Re: your name not being on the house, fair enough but I’ll leave you with one last consideration. It isn’t about hedging your relationship, it’s about you protecting your financial security
 
@blastcat This might just be the most helpful response of them all! Thank you!! We are currently having conversation every night before bed planning, and started really doing research. This is really good stuff to consider and will help me like the right decision from a financial stand point and an overall mental health stand point! Awesome
 
@snervel I second this about making sure your name is on the title. From personal experience, it just makes a potential messy break up less messy.

I was in a 4 year relationship when we decided on buying a house cause we were ready to take that next step.
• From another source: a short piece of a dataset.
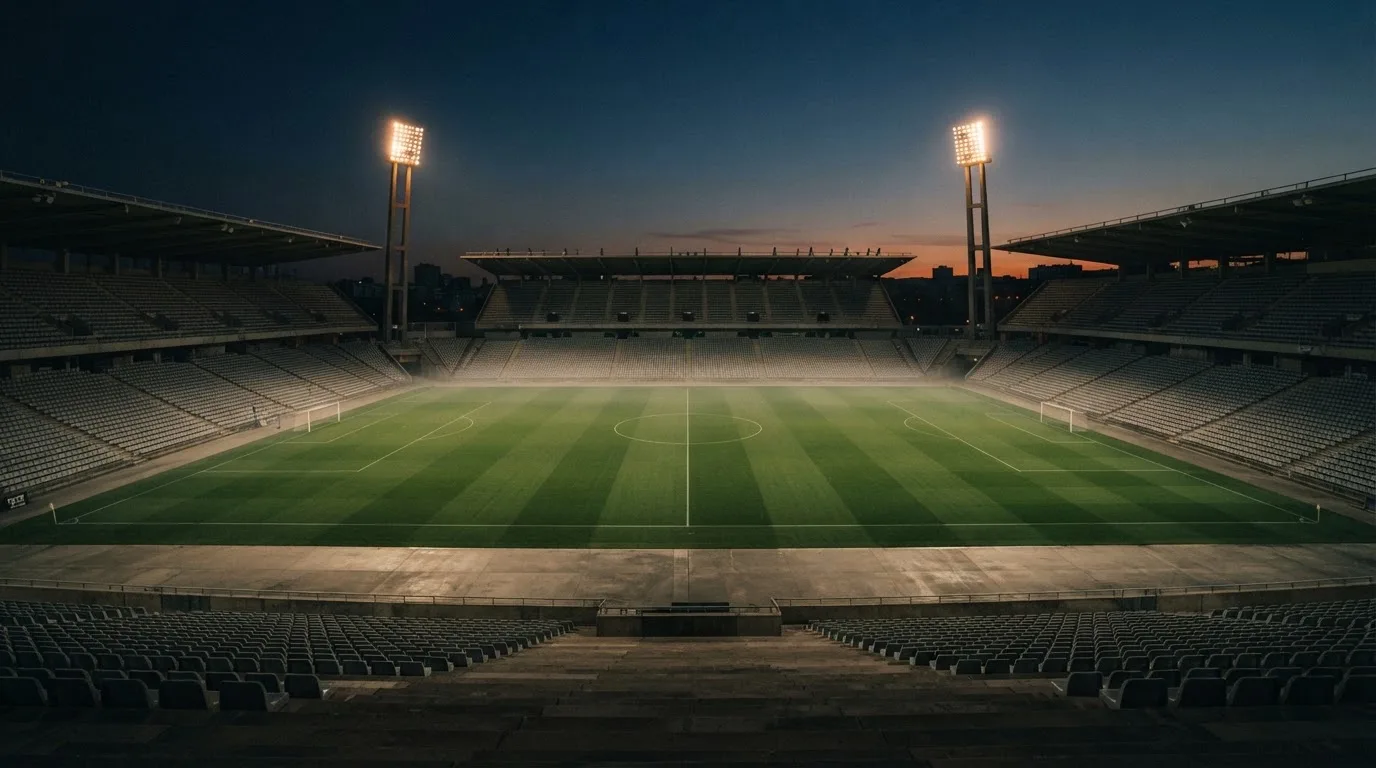 Een leeg voetbalstadion met lichtmasten bij schemering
We wanted to get the house first and then get married so that we can have a place of our own to grow our wealth and future. 7 months into living together we broke up.

Having both of our names on the title, it was clear that we either sell it and split the profit or one of us buys the other out if they wanted to keep the house.

Mind you, both of our parents were good friends and we sat down at the table and talked about marriage after getting a house.

If you’re contributing, your name should be on the title.
 
@snervel You have not listed anything about median costs for the homes you think you can afford. Based on your rough outline it’s most likely going to be at or under 300k.
 
@burningbush84 Ideally mortgage payments no more than 1700. This way we still would have a good amount of cashflow! For the locations we have been looking though in good neighborhoods (meaning low crime) and houses we actually like the look and the inside we have found payments as low as 990 (this is insurance, principal and interest, taxes). This is not a forever home or a dream home.